What was going on? What had changed? Many of us who follow such things let out a collective sigh.
The U..S. government has not had a stellar record with its past investigations of UFOs. The 1968 Condon Report comes to mind. The June preliminary UAP report was was somewhat of a letdown not because it was a disappointment in its conclusions, but rather, it didn’t provide any conclusions about UFOs, I mean UAPs, unidentified aerial phenomena — the current euphemism Uncle Sam is using these days.
The report did say they could not identify most of the 144 military UAP cases they examined and that UAP “may” pose a “challenge” to national security and further research and resources were needed. That’s where the new UAP office comes in. Sadly most, if not all, of the case files and reports are classified with no indication the new UAP office would be any more open with publicly accessible information. In fact, as we shall see, in some cases the DoD is going out of its way to make sure some of the data is kept out of the prying eyes of the media and FOIA investigators alike.
This twisting and confusing story has many roots which go back well before 2021 and any official reporting by the military about UAP incursions. In fact, it goes back to 2004.
As an investigative filmmaker, I was studying military UAP cases from 2004 to the present. And what I found left me puzzled about a real mystery that remains unexplained to this day.
For me, that research began in December 2017 when the New York Times broke the story on the AATIP program being run out of the Office of the Under Secretary of Defense for Intelligence (OUSD(I)) and the Navy’s 2004 Tic Tac case with the FLIR videos they released described as “UAPs”. When I first learned about that curious case of the aircraft carrier USS Nimitz, 100 miles off the coast of San Diego, California in November of 2004, I was enthralled by the descriptions of a 50-foot-long white capsule-shaped UFO that had out-paced F/A-18F Super Hornets.

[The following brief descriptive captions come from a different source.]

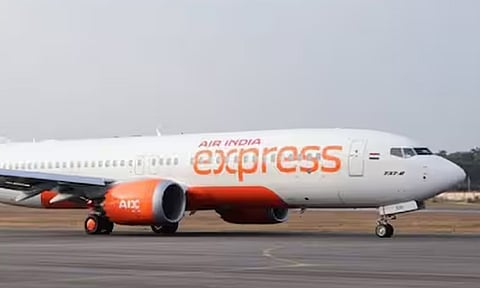 புறப்பட்ட சில நிமிடங்களில் திரும்பி வந்த ஏர் இந்தியா எக்ஸ்பிரஸ் விமானம்: பயணிகள் தவிப்பு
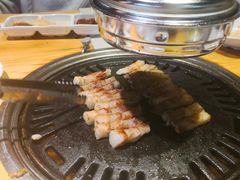 -唯成•韩国炭火烤肉 유성고기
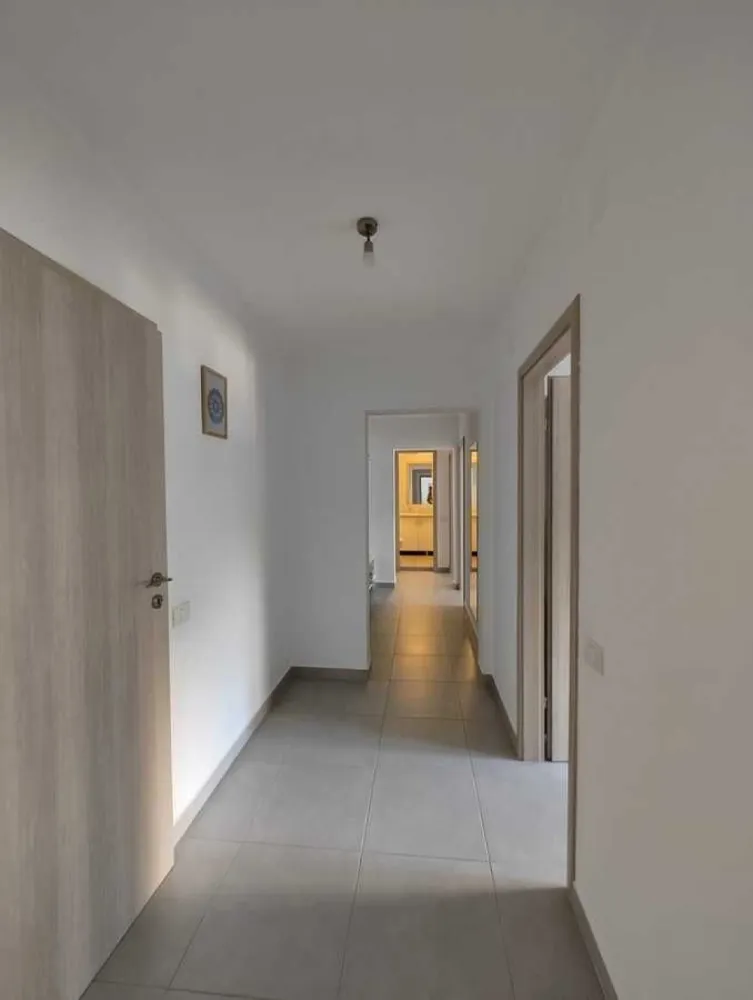 Apartament 4 camere | Rahova | 82mp | Utilat & Mobilat - Vand apartament cu 4 camere, cu o suprafata utila de 82 mp, mobilat/utilat. Acesta este situat la etajul 2 al unui bloc solid construit in 1980, foarte linistit, aflat in zona Rahova (la 10-20 minute de Piata Unirii). Apartamentul este ferit de zgomotul stradal, avand vedere spate.

Acesta are instalatii sanitare si electrice noi (fire si tablou noi, cu circuite separate), tamplarie termopan si calorifere noi, becuri LED eficiente energetic, baterii Hansgrohe, gresie, faianta si mozaic Delta Studio, usa metalica, detector de gaze.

One of those fighter pilots, Cdr. Alex Dietrich described to 60 Minutes how she and her squadronmates had first encountered a strange “roiling” sea-surface water disturbance, and when they descended to investigate a single, smooth, white cigar-shaped object that suddenly appeared and rose up towards the jets before taking off at lightning speed, leaving the pilot’s wide-eyed and baffled. Even the ship’s radar operators were dumbfounded by the returns displaying remarkable flight characteristics which had been popping up on their scopes for the entire week. Some of them were also blind-sided when USAF officers showed up to retrieve those data recordings from the radars and E2 Hawkeye early-warning planes. At least that’s how some of the witnesses remembered it. Not all of them agree on the details.

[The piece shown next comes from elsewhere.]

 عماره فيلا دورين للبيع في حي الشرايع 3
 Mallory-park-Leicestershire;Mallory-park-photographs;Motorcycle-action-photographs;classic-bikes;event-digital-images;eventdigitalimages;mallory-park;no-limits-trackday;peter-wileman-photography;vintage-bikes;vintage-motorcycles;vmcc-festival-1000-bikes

The USS Nimitz event inspired me to create a short animated documentary called “The Nimitz Encounters” in 2018. I actually made it for myself, as I set about to interview the witnesses and then re-create in 3D animation those amazing descriptions and stories, just as the pilots like Cdr. Jim Slaight and Top Gun Anti-air warfare controller Senior Chief Kevin Day described.
I released it for free, and I asked viewers to email me at firstname.lastname@example.org if they had a military UFO encounter. Little did I know the can of worms that would open up, along with the 5 million-plus views to date the film has received. That, plus the winding trail of incredibly complex and challenging research that followed. You can find that film HERE.

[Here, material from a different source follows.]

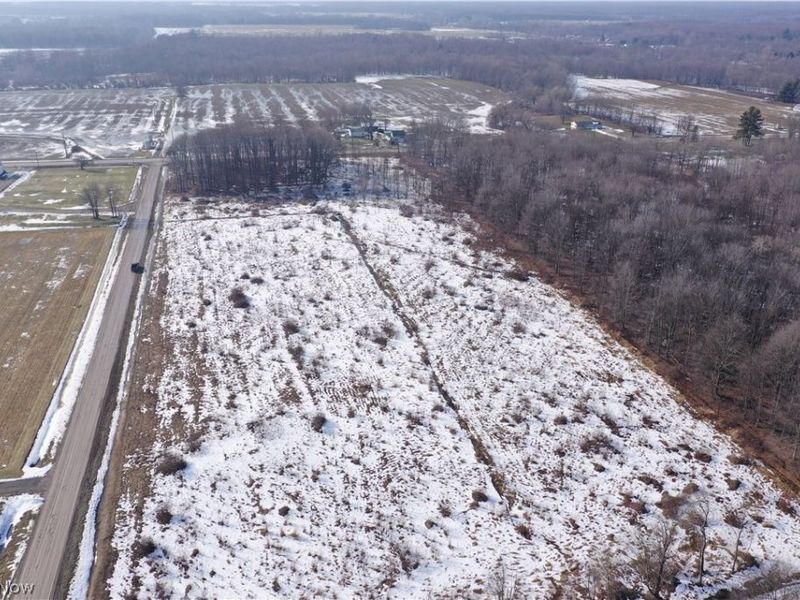 Oh-7 , Andover, OH 44003 Photo 6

One contact led me to explore a whole new series of events that opened up the “Mystery Drone” encounters with the U.S. Navy.
The July 2019 Navy Incursions – First Contact
The email subject line read “??”. It was April 24th, 2020. Whoever was contacting me didn’t know what to put in the subject heading. The writer explained that he was a retired 20-year Navy vet with 14 years at sea. And that he was there in 2004 just after that November Tic Tac event. In fact, he was in the Combat Information Center (CIC) on the destroyer USS Chafee. Based on my FOIA’s of Chafee’s deck logs (see document archive at the end of the article), they had just arrived from Hawaii in December of 2004 just after Cdr. David Fravor’s November 14th dog fight with the Tic Tac and as the USS Nimitz Strike Group returned to the SOCAL operations area for further flight training.
Now a retired Chief Warrant Officer (CWO), he had a long and decorated Navy career. I was able to confirm his identity with several of the other Navy veterans including Kevin Day who worked with him in 2004. He told me of another, yet unpublished and unverified, account of his own radar-controlled air intercept with the Tic Tacs from the Chafee. This occurred after the November 2004 event Cdrs. Fravor, Slaight, and Dietrich reported.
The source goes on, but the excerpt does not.